The first is the amount of repetitive boilerplate stuff you can end up with. If you need to do common things to every vm you provision, maybe installing a startup script into metadata, or altering the default access permissions, then you’ll need to repeat these things in every manifest declaration that creates that kind of resource. Another issue can arise when you need a staging or test environment that replicates the architecture in production, but at a smaller scale: now you’ll find yourself copying and pasting large chunks of stuff from one manifest to another and then editing the properties to get what you want. There’s lots of room for error.
… in order to keep things straightforward we maintain one project for each of our GCP environments
Fortunately terraform allows you to decompose an environment into modular sets of resources that can be created and managed as a group. Modules can take input variables with defaults, they can produce output variables that can be consumed by other modules or in the main manifest, there are lots of options. Modules can also depend on other modules, which has allowed us to create a low level module that defines a base vm type with all startup scripts and provisioning steps captured, and then to use this base module as a building block for higher level modules that define services such as a group of web servers. By defining variables to control parameters such as the number of servers of a type, their cpu, disk and ram you can easily reuse the modules in different environments with varied resource requirements.
One last thought about module input variables: if you’re going to have defaults for them give some thought to setting these appropriately. It’s not fun when you deploy a few dozen servers and realize that the default access permissions won’t work, or the default disk size is too small (or maybe worse, too large and costly). For variables that set resources like disk and the number of cores it is probably better to set the defaults rather low and allow workloads whose requirements exceed what is available to make explicit overrides at the point of declaration.
Keep related things together
Modules are great for creating reusable components that you can deploy into different environments but as with any structured syntax you have to make good decisions about how you compose your solution.
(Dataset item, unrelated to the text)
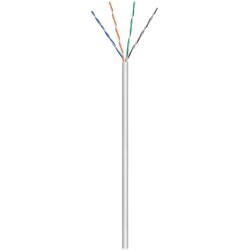CABLE UTP CAT5E FLEXIBLE...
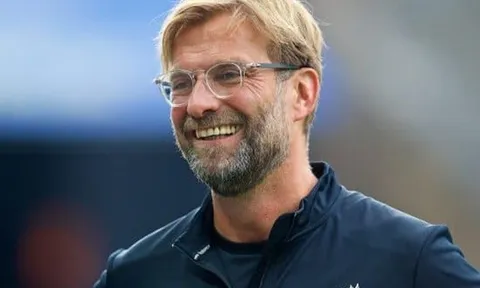 Sốc! Liverpool thăng hoa nhờ Klopp cho học trò uống "thần dược"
My advice is to keep things that serve a common goal in the same module. To give a concrete example consider the list of resources that would need to be created to deploy a publicly accessible web service on Google Cloud: some instances, an instance group, a health check, a backend service, a global IP, a url map, http and https proxies, two global forwarding rules, and at least one firewall rule.
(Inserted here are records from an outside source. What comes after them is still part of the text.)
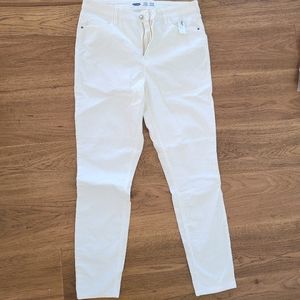 Old navy 14tall corduroy pants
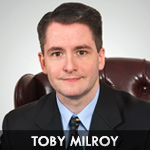 Toby Milroy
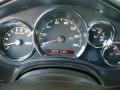 2010 Pontiac G6 Sedan Gauges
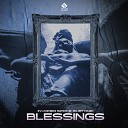 Invader Space Subtonic - Blessings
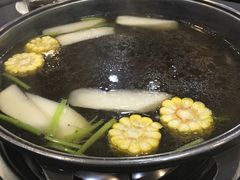 -肥信潮菜(科新路店)
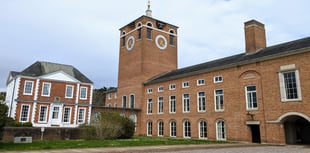 'We end the year in balance, but tough choices ahead', says council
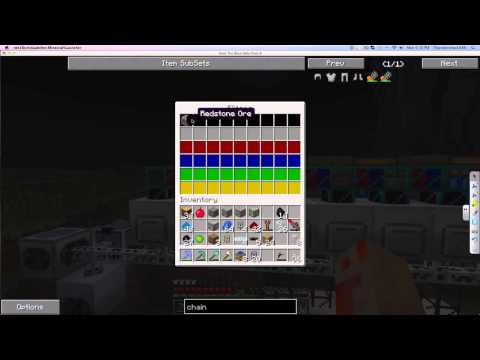 FTB Episode 4 Auto Smelt System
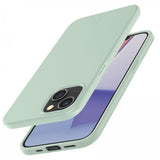 Spigen iPhone 13 Mini Deksel Thin Fit Apple Mint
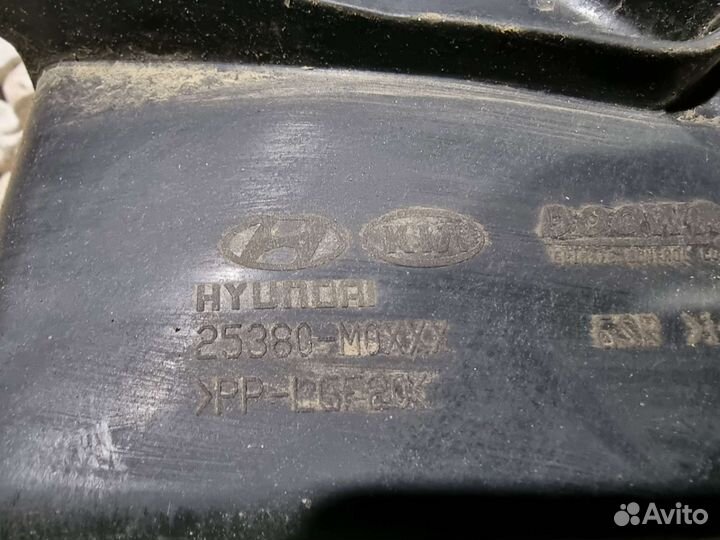 Диффузор Крета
You could have a “firewall rules” module, and a “load balancers” module, and these might seem like reasonable lines along which to slice things. If you have a problem with a firewall rule go look at the firewall rules module! But in practice when actual reports of issues come in, or when there is a request for a change it is probably going to present in the context of a specific service. Maybe an integration with a new partner requires the web service to accept a hook on a non-standard port, or a new virtual host or path needs to be supported. In my experience it’s a lot easier to locate and modify the resources affected by requests like these when all the things necessary to provide a given service are collocated in the same terraform module.